Fig. 1. Loss of Mll3 and Mll4 in tumor cells stimulates activation and cytotoxicity of antigen-specific CD8⁺ T cells in vitro.

a Volcano plots showing in vitro CRISPR/Cas9 screening of tumor-cell-intrinsic factors that regulates cytotoxicity of OT-I and Pmel-1 CD8⁺ T cells. Genes were plotted based on mean log2 fold change of gRNA counts compared to control selection. H3K4 methyltransferases of the COMPASS family were highlighted in red.
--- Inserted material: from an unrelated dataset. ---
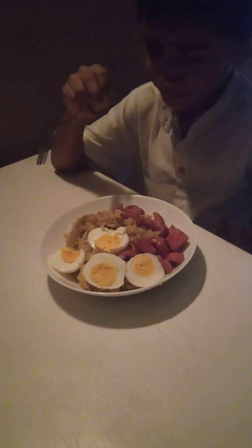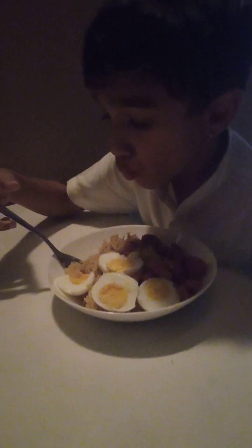Okay, so this is the special Maggi recipe and now I'm gonna eat it. Tastes good, but let's try it with some sausages. Oh my god, now it's with sausage! Do you like it? What about eggs?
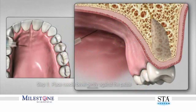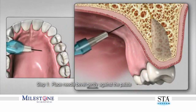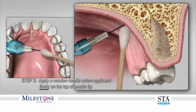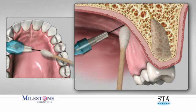Step one: start by gently placing the bevel of the needle against the surface of the palate, holding the handpiece at approximately a 45-degree angle to the palatal surface. Step two: stabilize the needle by applying pressure from a cotton applicator. It's best to use a wooden-handle cotton applicator so that adequate pressure can be applied. The applicator absorbs any excess anesthetic and makes for a more comfortable needle entry.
Datasets for OT-I and Pmel-1 screening were from Pan et al.⁴³ and reanalyzed in this study. b B16-Ova tumor cells depleted for the indicated H3K4 methyltransferase were incubated with OT-I CD8⁺ T cells at an effector to target (E/T) ratio of 10:1 for 24 h. OT-I T-cell-mediated killing was determined by lactate dehydrogenase (LDH) release-based cell death analyses. c, d Two independent Mll3 or Mll4 knockout (KO) B16-Ova clonal cells were co-cultured with OT-I CD8⁺ T cells for 24 h and tumor-cell death was analyzed by LDH release (c) and Annexin V/PI staining (d). e, f The experiment was conducted as in (b) followed by cell death (e) and proliferation (f) analyses of OT-I CD8⁺ T cells by flow cytometry. g, h The experiment was performed as in (b) followed by activation (g) and cytotoxicity (h) analyses of OT-I CD8⁺ T cells by flow cytometry. Quantification in (b–h) was shown as mean ± SEM from three biological replicates. Statistical significance was determined by MaGeCK (Model-based Analysis of Genome-wide CRISPR-Cas9 Knockout) (a) and two-tailed unpaired t test (b–h). *P < 0.05; **P < 0.01; ***P < 0.001.